Abstract

The subject of this article is the influence of socio-political engagement in non-democratic societies on the formation of scientific and historical discourse and on its further functioning and use for non-historical – political and educational purposes. It is analyzed not only from the point of view of the unique features inherent exclusively to totalitarianism, but rather as a derivative of socio-political requests for history that arise and are realized in any society, constantly becoming more complex over time. For Soviet totalitarianism, a characteristic feature of such requests was the absolutization of revolutions, which were interpreted as pivotal, milestone events that signified the main content of the progress of social development at literally all its stages.
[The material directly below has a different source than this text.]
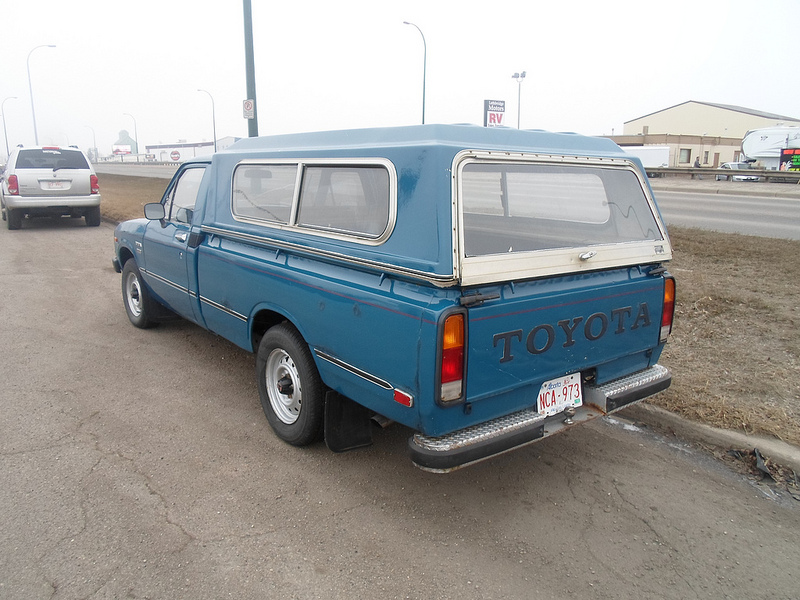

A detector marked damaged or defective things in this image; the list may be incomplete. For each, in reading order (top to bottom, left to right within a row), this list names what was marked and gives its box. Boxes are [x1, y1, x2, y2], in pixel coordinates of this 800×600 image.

cracked pavement [1, 220, 800, 600]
Because of this, Soviet historiography and the historiography of countries dependent on the USSR was characterized by attempts to “conceptually update the status” of a number of historical events, even those that preceded revolutions in their generally accepted meaning. In addition, an in-depth study of revolutions was characterized by the introduction of new terminology into scientific circulation and the identification of new elements of the division of historical time and space within revolutions. The article examines this side of the problem, in particular, on the examples of formatting the chronological framework of the Eighty Years War for the Independence of the Netherlands (“Dutch bourgeois revolution” in Soviet terminology), as well as on the example of the officially accepted periodization of the 1917 revolution in Russia and the called “Triumphal march of Soviet power”. Since reformatting the historical time of revolutions was not the only purpose of processing the past, the article focuses on other examples of such formatting. First of all, this concerns military operations on the Eastern Front of World War II, which turned into the Great Patriotic War under the pen of Soviet scientists by analogy with the Patriotic War of 1812, which laid the foundation for its subsequent absolutization and sacralization.